Churchill Downs is the center of racing this weekend as the 2020 Kentucky Derby is finally contested at the famed Louisville track in a year that has been unlike almost any other in modern memory.

Among the special bets available across the two days is the Oaks/Derby Pick Six, which carries a $2 minimum investment, a mandatory payout and a low 15% takeout.

This special bet harkens back to what has seemingly become a bygone era – where pick six bets carried $2 minimums and were absent any jackpot provisions. The twist, of course, is that six graded races across the two days comprise this bet, the Alysheba, La Troienne and Kentucky Oaks on Friday, followed by the Derby City Distaff, Old Forester Turf Classic and Kentucky Derby on Saturday.

Horseplayers have grown both weary of, and disdainful at, the proliferation of jackpot bets – be them pick fives, pick sixes, or other iterations of wagers where a portion of every daily wager is retained for a jackpot paid on the occasion where there is only one individual winning ticket, while another portion is used as a “minor pool” which the multiple ticket winners for the day share.

For customers to really understand the pricing on these bets, it often takes more than just a cursory glance at a number – the takeout – to grasp the impact. Are players betting them? Sure. But, as outlined in our recent report, “Racing Not Only For (the) Elite,” an increasing number of these bets seem to be won by computer-driven high-volume bettors chasing jackpots with massive investments. Last Sunday at Del Mar, a $36,722 investment from a “single” player landed the jackpot of $686,660.

JACKPOT DECEPTION

Jackpot bets are tricky. They deceive.

For now, horse racing wagering in America is presented as almost exclusively a pari-mutuel. The sport earns a guaranteed cut on wagers, and should want as much wagering as possible. In jackpot bets, an amount of every wager is retained and paid to only one customer on the occurrence of that single customer having the only winning ticket in a particular bet.

There may be a belief that jackpot bets drive attention, because horseplayers are always able to shoot for some big carryover or, in the event the bet is not hit for a prolonged period and “forced-out,” wagering on a particular day will be outsized as horseplayers seek to claim the money they know they have a much better chance of winning.

By adding an artificial provision – the single ticket requirement to pay the jackpot – tracks have effectively limited overall wagering churn on other races and greatly increased the takeout on those “lucky” enough to have a winning ticket good enough for only the day's minor pool payout. A segment of informed horseplayers question the long-term, detrimental effects of offering bets where very few customers ever win. Their concerns are well-founded.

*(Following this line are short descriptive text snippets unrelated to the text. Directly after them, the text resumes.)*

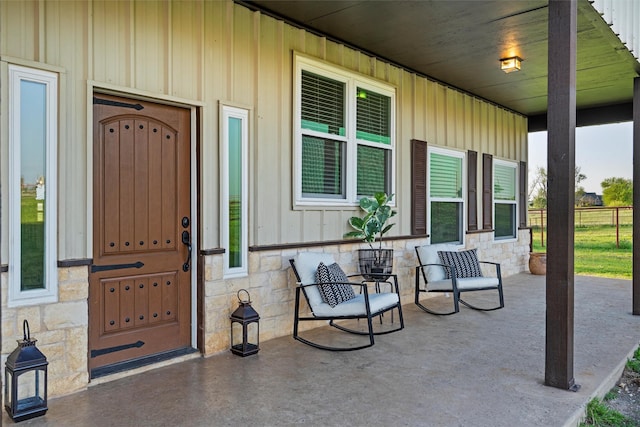 doorway to property featuring stone siding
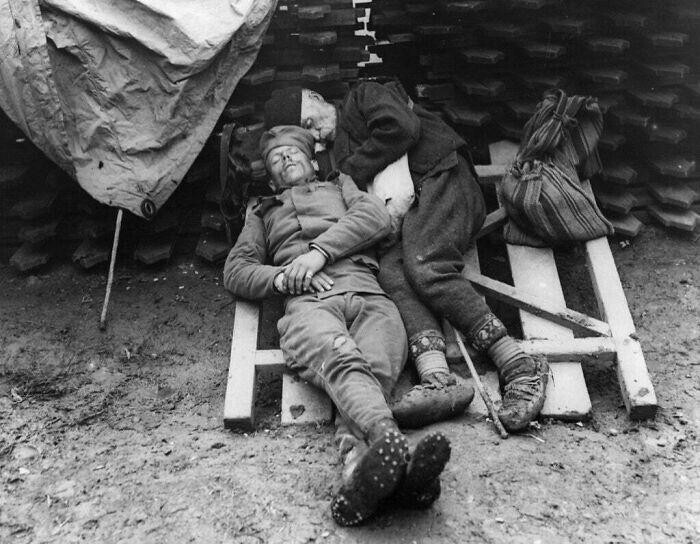 Сербский солдат спит рядом с отцом, который навестил его на передовой возле Белграда, 1914/1915 год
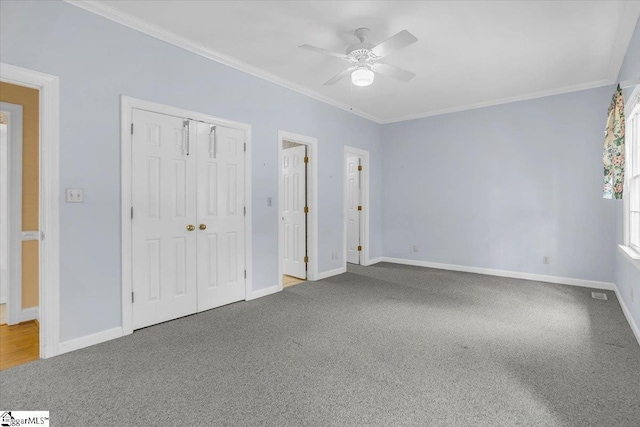 107 Cinder Creek Ln, Spartanburg, SC 29307 - unfurnished bedroom with carpet flooring, crown molding, baseboards, and a closet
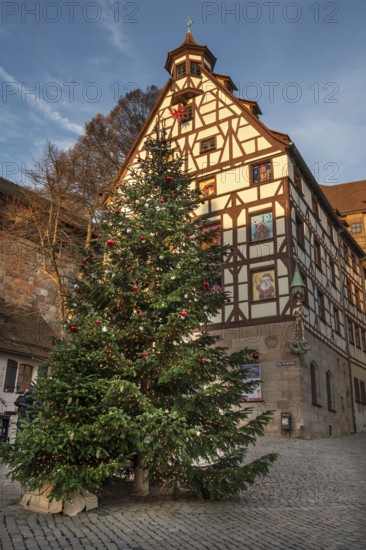 Decorated Christmas tree in front of the historic Pilate House with advent calendar in the evening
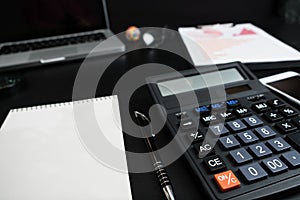 Overhead of office table with notebook, computer keyboard, calculator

A paper from the March 2020 edition of Contemporary Economic Policy offers horse racing some potential lessons as to the long-term impact of actions similar to the proliferation of the jackpot bets in racing. Levi Perez, associate professor of economics in Spain's University of Oviedo and Ph.D candidate Alejandro Diaz are the authors of “Setting The Odds Of Winning The Jackpot: On The Economics of (Re) Designing Lottery Games.”

In the paper, Perez and Diaz contend that customer behavior in light of bigger jackpots, combined with reduced chances of winning a popular Spanish lottery game, changed outcomes for the negative.

“Bigger jackpots no longer translate into higher sales but rather the opposite: it is quite common for the same jackpot size to currently produce lower sales than before [the odds were substantially increased]” in the Spanish lottery game, La Primitiva.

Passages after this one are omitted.